This is based on recently released data from the World Bank.
In analysing the figures, the Pew Research Center, a non-partisan American think tank, reported that globally, migrants sent an estimated US$574 billion to their home countries in 2016, a 1.4 per cent drop from 2015.
But, in Latin America and the Caribbean – together making up a region where many people say economic conditions are bad – remittances rose to US$74.3 billion, a 7.4 per cent increase from the previous year (US$69.2 billion), said the Pew Research Center.
It said Europe was the only other region in the world to see an increase, “and it was a much smaller one (up 0.9 per cent).”
Remittances are funds or other assets sent by migrants via formal channels, such as banks.
The think tank said the total amount of money transferred is likely significantly larger than what is reported, “because these estimates do not include the transfer of other assets, such as gifts, or informal monetary transfers.”
The World Bank reports only remittances sent via formal channels, the Pew Research Center said.

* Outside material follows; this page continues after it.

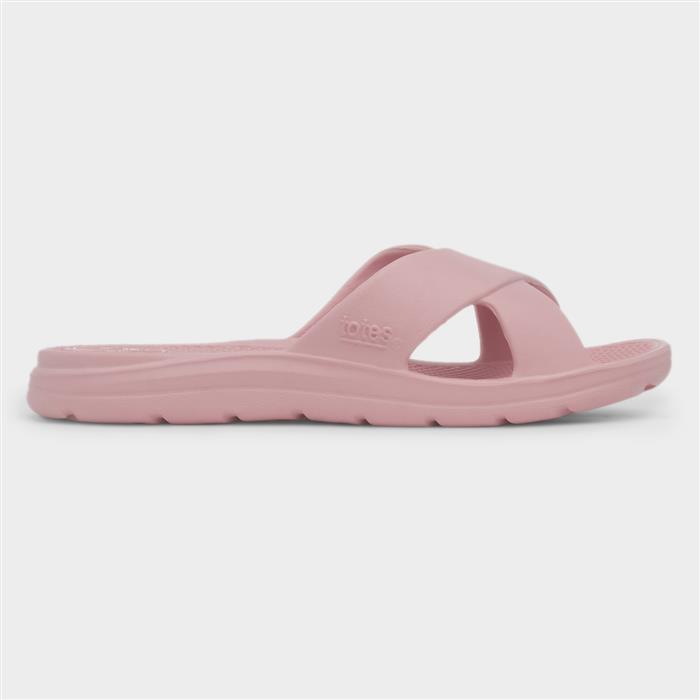 Totes Women's Pink Solbounce Eva Slider Size 7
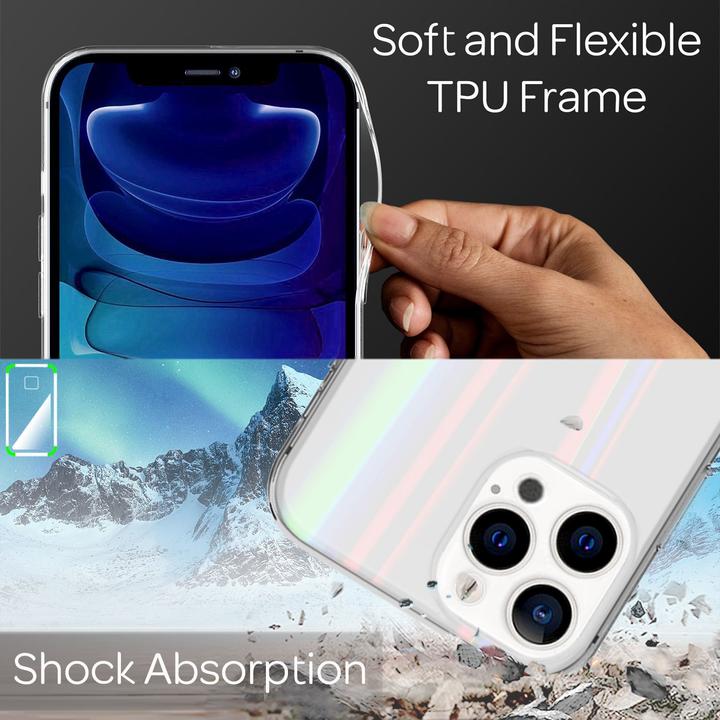 Immagine prodotto Nalia Copertura in vetro trasparente temperato effetto arcobaleno (Apple iPhone 13 Pro Max)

It said the increase in remittances to the region is primarily due to general improved labour market conditions in the US, which has helped boost migrants’ capacity to send money home.
This improvement was especially evident in sectors such as information, construction and manufacturing, industries in which many Latin American immigrants work.
Among Latin American and Caribbean countries, Mexico has long received the highest amount of remittances, the centre said.
In 2016, it said US$28.6 billion in remittances flowed to Mexico (up 9.3 per cent from the previous year) – a total that accounted for over a third of remittances to all of Latin America and the Caribbean.
After Mexico, Guatemala (US$7.5 billion), the Dominican Republic (US$5.5 billion) and Colombia (US$4.9 billion) received the highest amounts of remittances in the Latin America and Caribbean region in 2016, the Pew Research Center said.
As a share of total economic output (measured in gross domestic product), remittances were equivalent to 29.4 per cent of Haiti’s 2016 gross domestic product (GDP); while for the Caribbean as a whole, remittances were equal to 8 per cent of GDP – a far higher share than for Central and South America (3.6 per cent and 0.5 per cent, respectively), the Pew Research Center said.
Despite the recent overall decline in remittances, it said the amount sent by migrants globally to their home countries in 2016 remains more than double that of 2005, when US$280 billion in remittances were sent.
Global remittances are expected to increase in coming years, because of anticipated growth in the US and European economies (where nearly half of the world’s migrants live), and the appreciation of major currencies like the Russian ruble.